Emily Torgrimson always is on the lookout for what she calls the "small solutions" within big problems. ¶ As a cook at a homeless shelter, she'd invite kids into the kitchen to help, filling their time as well as teaching a skill. When survivors of Hurricane Katrina needed supplies, she corralled college friends into throwing a jambalaya feed and raised a few hundred dollars. ¶ When plunging temperatures seep into the small travel trailer in which she's living, she turns on a tiny space heater. ¶ Torgrimson is on the ground floor of social entrepreneurism, where you can be featured in Oprah magazine as a visionary while your organization's national headquarters are a 1998 Sun-Lite parked in a frigid Minneapolis driveway. ¶ Nine years ago, Torgrimson, now 30, founded Eat for Equity (E4E), a nonprofit group that turns diners into donors in surroundings far more casual and intimate than a hotel ballroom. ¶ Since the initial dinner in Boston after Hurricane Katrina, E4E has hosted 152 community feasts in its 10 branches around the country, serving 14,582 plates of food and raising $173,551 in donations.

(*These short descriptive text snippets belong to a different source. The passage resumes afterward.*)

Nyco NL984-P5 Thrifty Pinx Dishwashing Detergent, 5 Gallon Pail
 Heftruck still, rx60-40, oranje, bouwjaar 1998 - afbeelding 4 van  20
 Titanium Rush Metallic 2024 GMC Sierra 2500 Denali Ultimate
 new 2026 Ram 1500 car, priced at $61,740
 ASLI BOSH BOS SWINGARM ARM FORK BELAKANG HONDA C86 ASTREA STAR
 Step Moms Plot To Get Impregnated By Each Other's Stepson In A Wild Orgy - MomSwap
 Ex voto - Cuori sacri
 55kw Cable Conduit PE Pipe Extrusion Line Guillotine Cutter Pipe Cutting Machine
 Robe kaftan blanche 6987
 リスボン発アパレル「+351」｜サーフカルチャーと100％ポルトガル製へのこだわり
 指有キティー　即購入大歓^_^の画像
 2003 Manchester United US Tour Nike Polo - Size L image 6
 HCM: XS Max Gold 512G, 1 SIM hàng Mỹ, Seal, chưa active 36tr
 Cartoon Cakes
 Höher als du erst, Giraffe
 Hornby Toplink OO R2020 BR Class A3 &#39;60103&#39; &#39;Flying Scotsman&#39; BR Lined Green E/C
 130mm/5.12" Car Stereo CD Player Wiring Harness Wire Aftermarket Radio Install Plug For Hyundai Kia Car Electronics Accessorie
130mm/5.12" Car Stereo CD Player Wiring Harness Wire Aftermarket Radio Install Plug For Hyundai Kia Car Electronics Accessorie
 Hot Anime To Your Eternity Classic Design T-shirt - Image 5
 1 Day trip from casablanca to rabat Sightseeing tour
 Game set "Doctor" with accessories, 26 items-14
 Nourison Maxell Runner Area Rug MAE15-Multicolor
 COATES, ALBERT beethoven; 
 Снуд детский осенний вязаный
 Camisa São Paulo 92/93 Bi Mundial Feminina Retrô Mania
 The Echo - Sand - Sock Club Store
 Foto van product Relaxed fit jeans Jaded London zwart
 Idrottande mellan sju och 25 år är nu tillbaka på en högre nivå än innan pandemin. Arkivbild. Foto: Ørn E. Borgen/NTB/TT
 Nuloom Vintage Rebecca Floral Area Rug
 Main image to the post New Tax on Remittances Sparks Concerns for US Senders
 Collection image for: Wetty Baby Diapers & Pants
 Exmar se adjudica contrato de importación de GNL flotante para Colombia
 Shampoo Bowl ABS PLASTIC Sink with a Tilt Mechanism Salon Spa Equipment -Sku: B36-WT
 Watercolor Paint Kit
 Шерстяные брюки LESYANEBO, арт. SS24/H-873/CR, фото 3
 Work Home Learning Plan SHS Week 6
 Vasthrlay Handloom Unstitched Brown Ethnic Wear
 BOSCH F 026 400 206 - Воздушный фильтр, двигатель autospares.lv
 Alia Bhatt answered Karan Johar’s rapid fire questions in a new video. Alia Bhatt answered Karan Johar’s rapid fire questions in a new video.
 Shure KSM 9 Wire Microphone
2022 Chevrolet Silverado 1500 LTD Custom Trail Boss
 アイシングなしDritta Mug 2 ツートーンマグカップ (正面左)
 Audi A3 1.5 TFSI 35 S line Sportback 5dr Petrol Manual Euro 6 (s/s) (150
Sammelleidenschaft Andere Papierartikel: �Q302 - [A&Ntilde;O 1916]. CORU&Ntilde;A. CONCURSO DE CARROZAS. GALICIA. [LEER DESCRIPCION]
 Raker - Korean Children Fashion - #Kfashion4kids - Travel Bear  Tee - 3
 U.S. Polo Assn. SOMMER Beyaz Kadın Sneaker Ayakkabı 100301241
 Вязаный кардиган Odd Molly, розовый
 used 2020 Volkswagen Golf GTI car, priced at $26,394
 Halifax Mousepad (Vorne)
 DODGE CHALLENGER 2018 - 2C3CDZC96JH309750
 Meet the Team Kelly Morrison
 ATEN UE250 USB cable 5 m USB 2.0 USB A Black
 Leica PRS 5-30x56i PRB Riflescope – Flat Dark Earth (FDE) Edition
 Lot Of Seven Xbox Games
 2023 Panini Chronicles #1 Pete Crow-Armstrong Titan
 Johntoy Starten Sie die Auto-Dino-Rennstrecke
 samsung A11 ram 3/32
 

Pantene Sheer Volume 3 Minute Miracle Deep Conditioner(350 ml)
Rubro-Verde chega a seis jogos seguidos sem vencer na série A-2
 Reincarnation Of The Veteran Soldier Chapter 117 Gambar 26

The true value has less to do with an evening's generosity, though, than with the connections made among diners that could lead to bigger ideas.
Here's how it works: A group of volunteers plans a menu, assembles ingredients from donations or a garden's harvest, then preps and cooks a meal on behalf of a social cause. Guests crowd into living rooms and sit on stairway treads. Then, as they dine on kale salad with bacon dressing and pumpkin cheesecake, they hear about a particular need and how they might help. They're also more than welcome to stick around to wash dishes.
Beneficiaries have ranged from Friends of the Boundary Waters Wilderness to the Minnesota Reading Corps to the Rural Health Care Initiative to the Nafula Foundation for orphaned children in western Kenya.
The effort began as many do: "Hey, what if?"
While living with 24 women in a housing co-op at Boston University, Torgrimson saw the kitchen "as a place where people come together." When the jambalaya feed she planned attracted more than 100 friends, an idea started taking root.
After college, she returned home to Minnesota, where she hosted a similar dinner for a cause. Then a friend offered to host another. That dinner proved to be a turning point.
"We were going to make a dozen apple pies, and she had nothing in her kitchen," Torgrimson recalled, laughing. "We found a half-drunk bottle of wine, finished it, then used the bottle to roll all the pie crusts. There was bread raising on every level surface."